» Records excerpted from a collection
####

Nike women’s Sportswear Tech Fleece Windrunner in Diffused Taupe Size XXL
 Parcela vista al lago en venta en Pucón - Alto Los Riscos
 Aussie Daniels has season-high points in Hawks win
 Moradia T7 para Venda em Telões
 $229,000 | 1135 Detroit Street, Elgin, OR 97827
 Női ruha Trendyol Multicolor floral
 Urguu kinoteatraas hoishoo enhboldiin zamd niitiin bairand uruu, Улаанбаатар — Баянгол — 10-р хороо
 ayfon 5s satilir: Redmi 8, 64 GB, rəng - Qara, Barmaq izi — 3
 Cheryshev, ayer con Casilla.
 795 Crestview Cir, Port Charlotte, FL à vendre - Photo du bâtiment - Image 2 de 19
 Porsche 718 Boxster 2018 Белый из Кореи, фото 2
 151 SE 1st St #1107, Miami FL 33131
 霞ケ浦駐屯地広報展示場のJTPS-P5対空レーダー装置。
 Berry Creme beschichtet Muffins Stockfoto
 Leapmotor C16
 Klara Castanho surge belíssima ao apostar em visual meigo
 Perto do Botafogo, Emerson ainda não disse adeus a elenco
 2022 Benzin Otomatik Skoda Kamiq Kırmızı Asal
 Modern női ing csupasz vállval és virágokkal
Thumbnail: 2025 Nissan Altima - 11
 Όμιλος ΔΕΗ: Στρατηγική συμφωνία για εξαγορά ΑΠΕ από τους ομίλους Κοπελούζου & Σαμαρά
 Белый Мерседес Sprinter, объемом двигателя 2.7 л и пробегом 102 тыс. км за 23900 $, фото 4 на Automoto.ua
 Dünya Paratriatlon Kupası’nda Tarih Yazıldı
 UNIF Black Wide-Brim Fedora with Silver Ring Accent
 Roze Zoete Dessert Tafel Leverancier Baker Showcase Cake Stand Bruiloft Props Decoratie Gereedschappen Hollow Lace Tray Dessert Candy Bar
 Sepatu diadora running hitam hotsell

####

Nothing but the lines from the one containing "Roze Zoete Dessert" through the last line of the data above should be set down, word for word.

» RESULT BELOW
 Roze Zoete Dessert Tafel Leverancier Baker Showcase Cake Stand Bruiloft Props Decoratie Gereedschappen Hollow Lace Tray Dessert Candy Bar
 Sepatu diadora running hitam hotsell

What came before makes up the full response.